The lines to reproduce run from the one containing "Integrated bathroom integrated" through the final line of the entries; write them out exactly and add nothing.

━━━ DATA FOR PROCESSING

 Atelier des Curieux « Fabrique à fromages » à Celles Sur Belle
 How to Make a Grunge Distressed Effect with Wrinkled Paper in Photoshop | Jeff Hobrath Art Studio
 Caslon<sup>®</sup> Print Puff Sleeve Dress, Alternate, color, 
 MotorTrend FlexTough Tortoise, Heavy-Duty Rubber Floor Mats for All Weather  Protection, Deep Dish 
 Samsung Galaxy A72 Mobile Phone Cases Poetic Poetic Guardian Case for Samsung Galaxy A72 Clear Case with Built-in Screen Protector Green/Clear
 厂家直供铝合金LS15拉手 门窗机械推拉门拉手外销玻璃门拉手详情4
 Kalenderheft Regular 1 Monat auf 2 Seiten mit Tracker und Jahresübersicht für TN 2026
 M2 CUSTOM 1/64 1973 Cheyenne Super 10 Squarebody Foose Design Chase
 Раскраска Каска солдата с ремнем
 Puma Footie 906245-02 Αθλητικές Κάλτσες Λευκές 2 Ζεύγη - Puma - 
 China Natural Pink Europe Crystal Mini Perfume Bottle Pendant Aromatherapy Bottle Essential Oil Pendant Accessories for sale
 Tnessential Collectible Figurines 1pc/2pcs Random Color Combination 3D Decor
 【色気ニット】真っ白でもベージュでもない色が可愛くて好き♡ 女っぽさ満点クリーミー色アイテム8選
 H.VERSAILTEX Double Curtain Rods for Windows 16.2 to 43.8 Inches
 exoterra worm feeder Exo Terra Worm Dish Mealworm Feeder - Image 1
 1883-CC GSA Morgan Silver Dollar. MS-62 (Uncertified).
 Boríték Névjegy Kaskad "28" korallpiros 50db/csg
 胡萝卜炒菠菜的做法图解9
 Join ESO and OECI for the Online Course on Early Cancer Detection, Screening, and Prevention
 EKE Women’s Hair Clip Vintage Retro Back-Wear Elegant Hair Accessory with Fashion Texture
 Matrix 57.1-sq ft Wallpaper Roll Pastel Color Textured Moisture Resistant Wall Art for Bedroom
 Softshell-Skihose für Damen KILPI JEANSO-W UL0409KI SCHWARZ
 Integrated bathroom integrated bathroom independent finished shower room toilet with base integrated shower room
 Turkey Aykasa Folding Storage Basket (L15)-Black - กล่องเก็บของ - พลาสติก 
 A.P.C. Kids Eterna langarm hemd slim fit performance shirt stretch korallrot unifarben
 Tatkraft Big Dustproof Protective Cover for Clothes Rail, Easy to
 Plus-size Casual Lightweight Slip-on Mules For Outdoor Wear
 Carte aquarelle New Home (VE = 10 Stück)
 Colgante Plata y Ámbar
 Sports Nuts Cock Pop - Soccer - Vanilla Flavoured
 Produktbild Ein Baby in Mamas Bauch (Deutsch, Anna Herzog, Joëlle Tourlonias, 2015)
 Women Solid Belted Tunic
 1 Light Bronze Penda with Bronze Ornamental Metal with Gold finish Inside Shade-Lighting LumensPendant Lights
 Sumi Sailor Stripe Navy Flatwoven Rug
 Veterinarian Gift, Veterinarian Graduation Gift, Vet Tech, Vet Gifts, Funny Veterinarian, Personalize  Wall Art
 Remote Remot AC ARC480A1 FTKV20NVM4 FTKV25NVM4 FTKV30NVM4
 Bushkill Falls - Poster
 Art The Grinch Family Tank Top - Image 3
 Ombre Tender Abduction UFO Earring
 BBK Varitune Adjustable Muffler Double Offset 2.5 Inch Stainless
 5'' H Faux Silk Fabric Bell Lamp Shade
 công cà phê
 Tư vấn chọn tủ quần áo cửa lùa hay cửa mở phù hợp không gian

━━━━━━

■ FINISHED EXERCISE
 Integrated bathroom integrated bathroom independent finished shower room toilet with base integrated shower room
 Turkey Aykasa Folding Storage Basket (L15)-Black - กล่องเก็บของ - พลาสติก 
 A.P.C. Kids Eterna langarm hemd slim fit performance shirt stretch korallrot unifarben
 Tatkraft Big Dustproof Protective Cover for Clothes Rail, Easy to
 Plus-size Casual Lightweight Slip-on Mules For Outdoor Wear
 Carte aquarelle New Home (VE = 10 Stück)
 Colgante Plata y Ámbar
 Sports Nuts Cock Pop - Soccer - Vanilla Flavoured
 Produktbild Ein Baby in Mamas Bauch (Deutsch, Anna Herzog, Joëlle Tourlonias, 2015)
 Women Solid Belted Tunic
 1 Light Bronze Penda with Bronze Ornamental Metal with Gold finish Inside Shade-Lighting LumensPendant Lights
 Sumi Sailor Stripe Navy Flatwoven Rug
 Veterinarian Gift, Veterinarian Graduation Gift, Vet Tech, Vet Gifts, Funny Veterinarian, Personalize  Wall Art
 Remote Remot AC ARC480A1 FTKV20NVM4 FTKV25NVM4 FTKV30NVM4
 Bushkill Falls - Poster
 Art The Grinch Family Tank Top - Image 3
 Ombre Tender Abduction UFO Earring
 BBK Varitune Adjustable Muffler Double Offset 2.5 Inch Stainless
 5'' H Faux Silk Fabric Bell Lamp Shade
 công cà phê
 Tư vấn chọn tủ quần áo cửa lùa hay cửa mở phù hợp không gian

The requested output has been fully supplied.